There is a very special repiecement. You arranged Asien and Europa in a new way which means “Asiropa”. Was it intended, because it has a little play on words?

Yes, absolutely. It’s remarkable, because I mentioned earlier there were no additional cuts made. So it’s very interesting that these places got renamed and have another kind of meaning now. After all, if you say “Asien” to someone, who has never been to Asia, they probably have a stereotype image. Whereas if you invent a new word, that really opens the imagination.

How did you pick your quotes, which are used in the video or the characters?

I was trying both with the images and the sound to define something that I felt about this representation of a fractured atlas. So I rather instinctively selected a group of words, a group of interviews with different people, psychologists, writers, poets, filmmakers, people that study myths and musicians. This series of phrases is for me an interesting way of understanding the world. It is an interesting reading of the world and the way we are in it.

Has your documentary on the Dahlem Museums and their movement to the Humboldt-Forum had some influence on your installation?

I am interested in that dialogue between what the Humboldt Forum is becoming and what the Ethnological Museum was. But I am not interested in coming up with some kind of solution for it, whatever the problem might be. Therefore the documenta project is a part of a reflection. You could say it is a German story or a Berlin story, which of course it is. But for me it also has kind of biographical residences, because I am partially African and partially European. So in a sense this dialogue between cultures and between my own sense of identity is a very strong driving force to inquire and be interested in this subject matter.

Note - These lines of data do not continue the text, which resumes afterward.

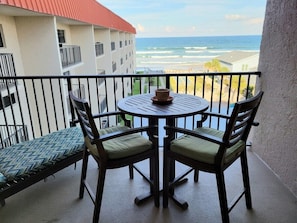 Ein Balkon mit Tisch und Stühlen mit Blick auf einen Strand und das Meer.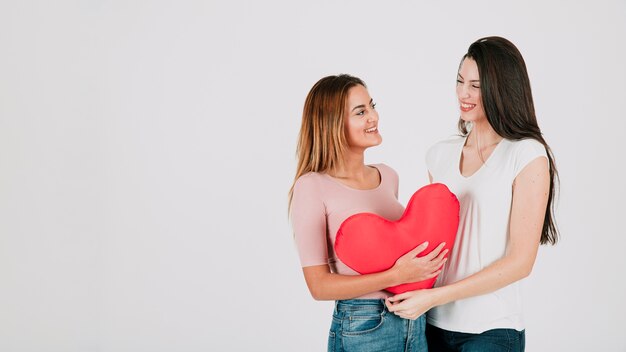 Young women couple with heart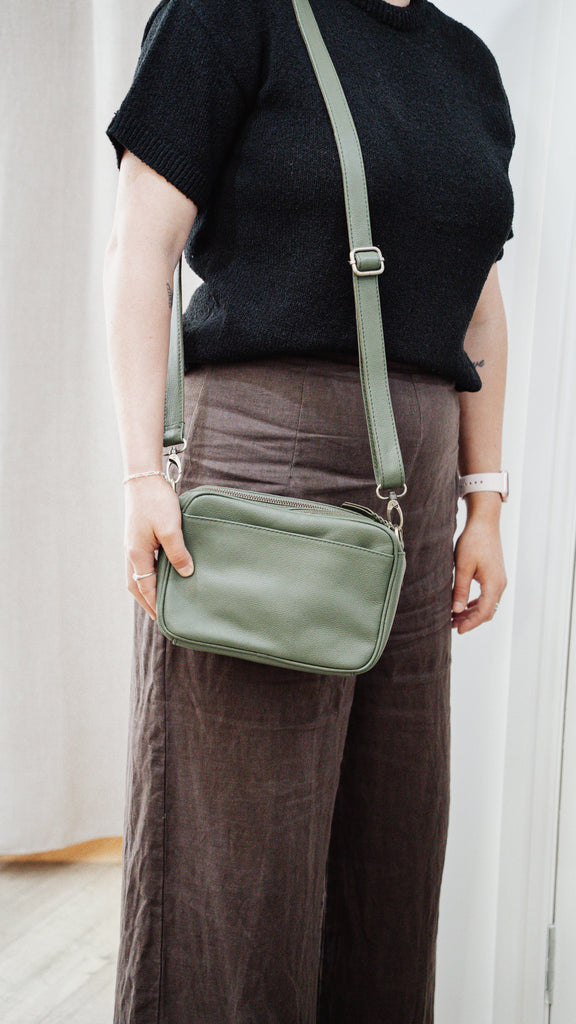 Isla crossbody bag - Olive green pebble-Baleka Leather-The Isla crossbody bag is the perfect blend of style and practicality - designed to keep you effortlessly organised while on the go. With its sleek silhouette and thoughtful details, it is ideal for everyday use or when you want to travel light without compromising on function. Featuring a double zip main compartment, the Isla offers 2 spacious sections to keep your essentials neatly separated. Inside you’ll find an internal zip pocket and slip pocket.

I am not interested in coming up with some kind of solution for it, whatever the problem might be.

The wall text describing your artwork is really critical regarding the Humboldt Forum. Is this a joint text, where you involved in it?

Originally I didn’t want a wall text because I believed and still believe that my work speaks for itself.  But then it was correctly suggested that a lot of the viewers would not know where the banner comes from and that some information might be useful. In my opinion a critical aspect of the text is that it naturally assumes the Humboldt Forum to be polemical without qualifying why. Another statement I thought was odd is the claim that I was attempting to create a “New World Order”. That’s really far from what I wanted to do even though it's placed in inverted commas. I think what the work might represent is an Old World Disorder or poetically express the fractures of the present. I'm sure that people looking at the video will feel the underlying message and realize what the work is about.